In a matter of less than two hours after a right-wing blogger was exposed as the named registrant for a domain calling for the death of Julian Assange, the domain registration was hidden behind whois protection. Eventually the domain was deleted altogether. And therein lies a tale of how quickly public pressure can produce change.
It all started yesterday afternoon at 4:23 pm, when Evgeny Morozov tweeted:
killjulianassange.com registered Nov 30, 2010. Has anyone found similar URLs?
Enjoying a challenge, I started searching and tweeted a number of domain names I had found. One of the domain names that showed up was julianassangemustdie.com. To his credit, although both Evgeny and I discovered the domain within a minute of each other, it was he who recognized the name of the registrant as as prominent right-wing blogger whereas I merely tweeted “a woman in Texas.” At 5:42, Evgeny tweeted:
Wow! julianassangemustdie.com is registered to melissaclouthier.com. Clouthier is a blogger for RightWingNews and StopTheACLU
Here’s a screen shot I took of the registration information as it appeared at 5:31 pm when I first looked up the domain:
Evgeny also tweeted that Clouthier was on Twitter as @melissatweets.
From there, things happened pretty quickly. By 6:55 pm, when I checked again, the registrant information was hidden behind DomainsbyProxy. And by this morning, the domain was no longer registered.
So what happened? Did a complaint to GoDaddy result in them cancelling the registration for violation of their Terms of Service concerning hate speech? Did Ms. Clouthier just wish to stop the firestorm on Twitter that had started raging? Some have suggested that there’s no evidence that she was, indeed, the registrant, but if that’s the case, why hasn’t she said so? Absent a statement from her otherwise, I will continue to think that this domain was registered by her.

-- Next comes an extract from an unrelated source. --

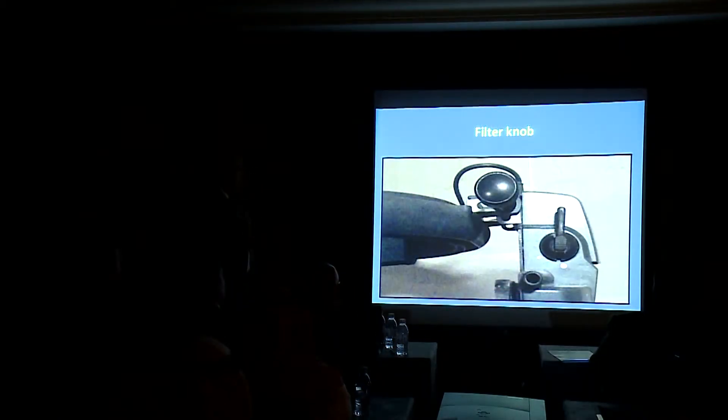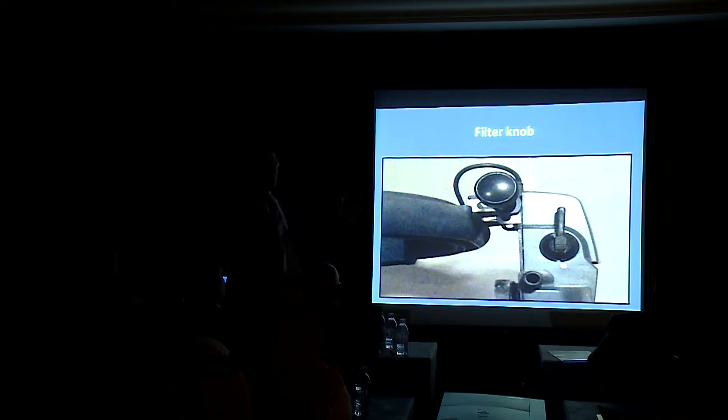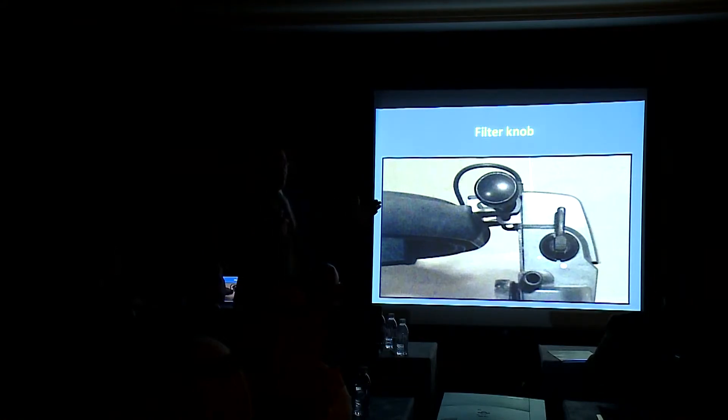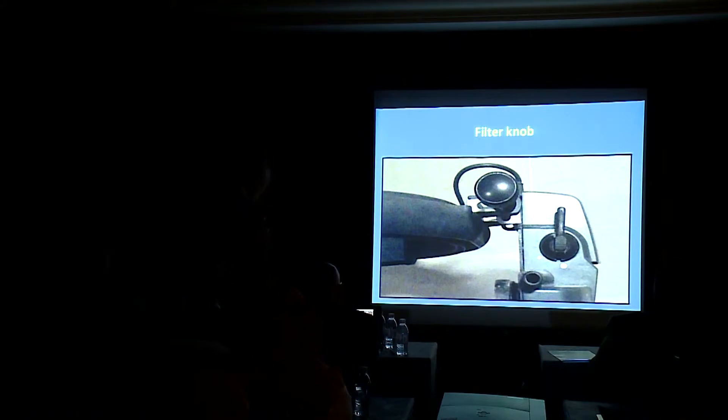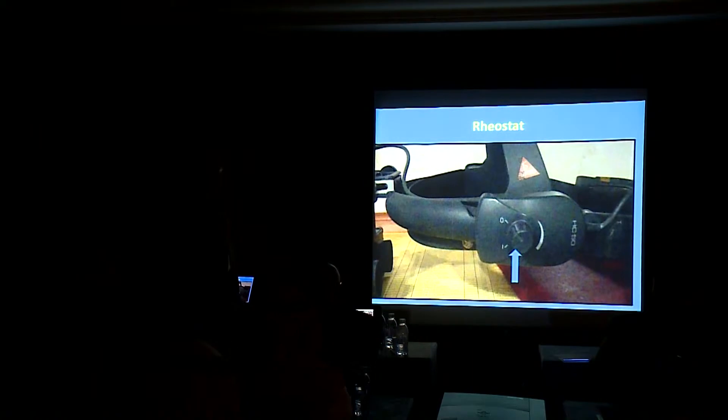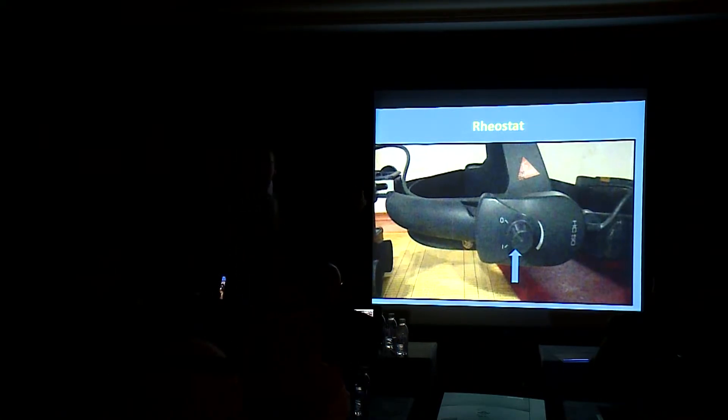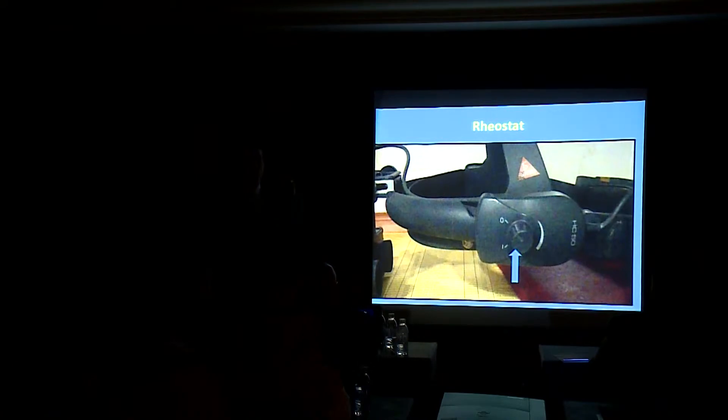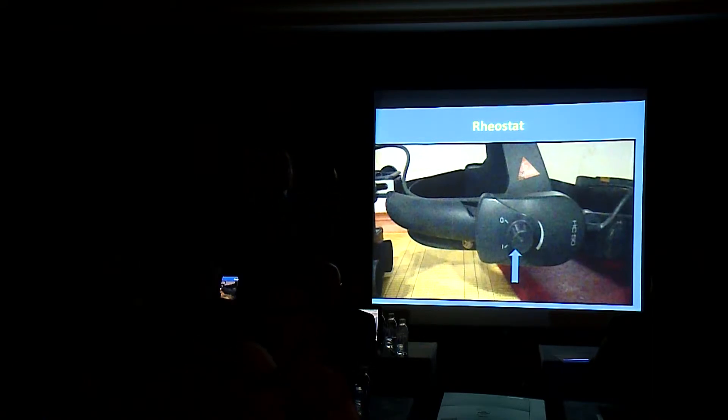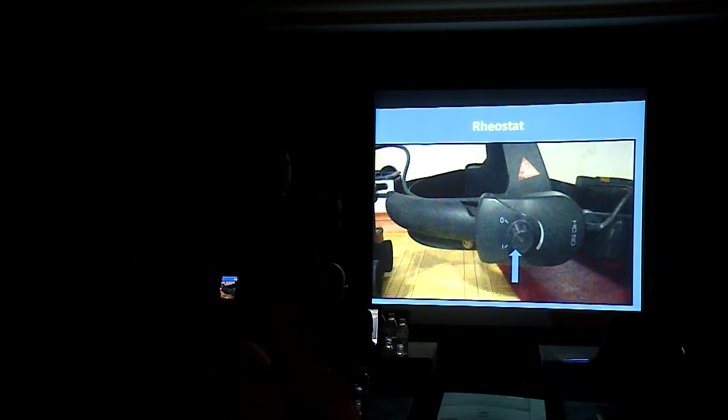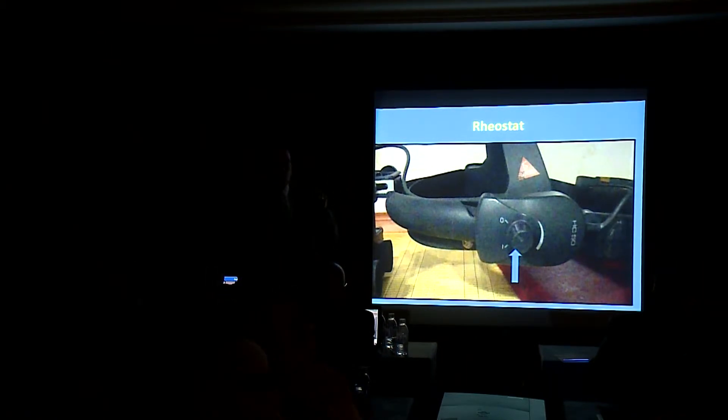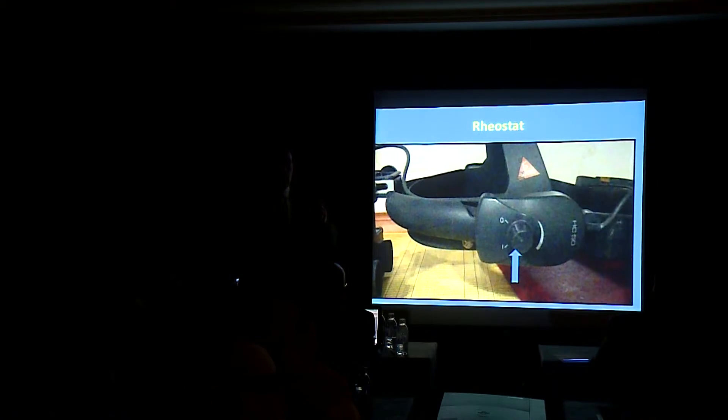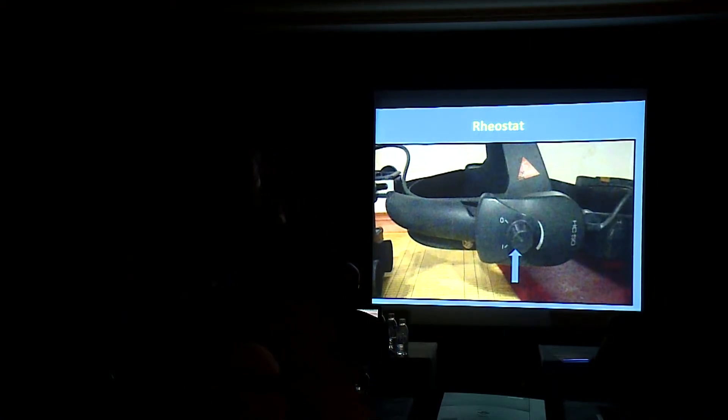Again, we have a filter knob to put red-green filters, cobalt-blue filters, or neutral density filters, and a rheostat to decrease and increase the intensity of light. Again, this is very important because if you want to put the light on the maximum to see the maximum, but actually if you put the light on the maximum and put it in the patient's eye, the patient will get very annoyed and you will lose the cooperation of the patient with you to get the needed information.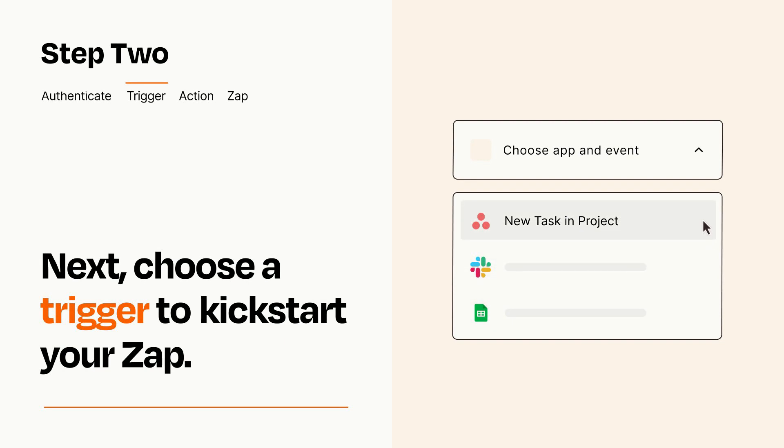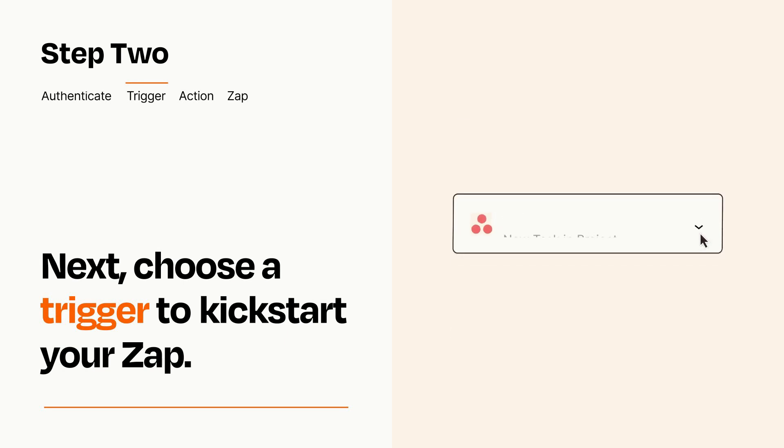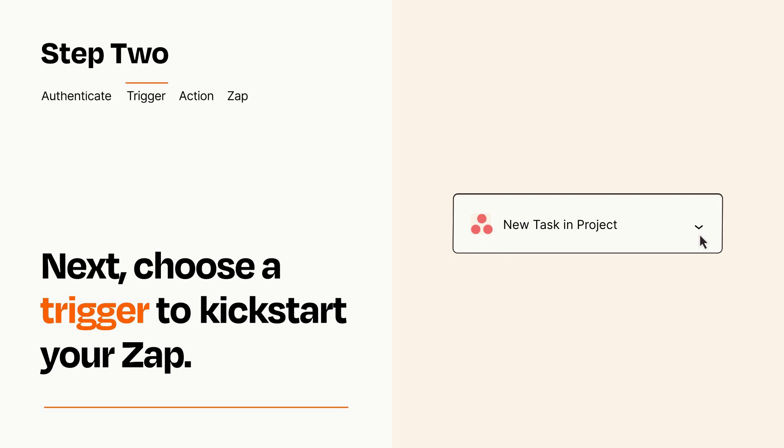When you set up this step, your Zap will pull in test data from your trigger app that you'll see later when setting up your action app.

So… did Ms Clouthier have a change of heart about her speech in light of the Tucson killings this week? She has not issued any statement about her actions or an explanation on Twitter, and her site has been unreachable – whether because of everyone trying to access it or for another reason is unknown to me.
In a way, I hope a change in heart or commitment to a new, more civilized tone is the explanation – that we all look at our speech and ask ourselves whether sometimes our hyperbole, however protected the speech may be, may contribute to a culture of violence.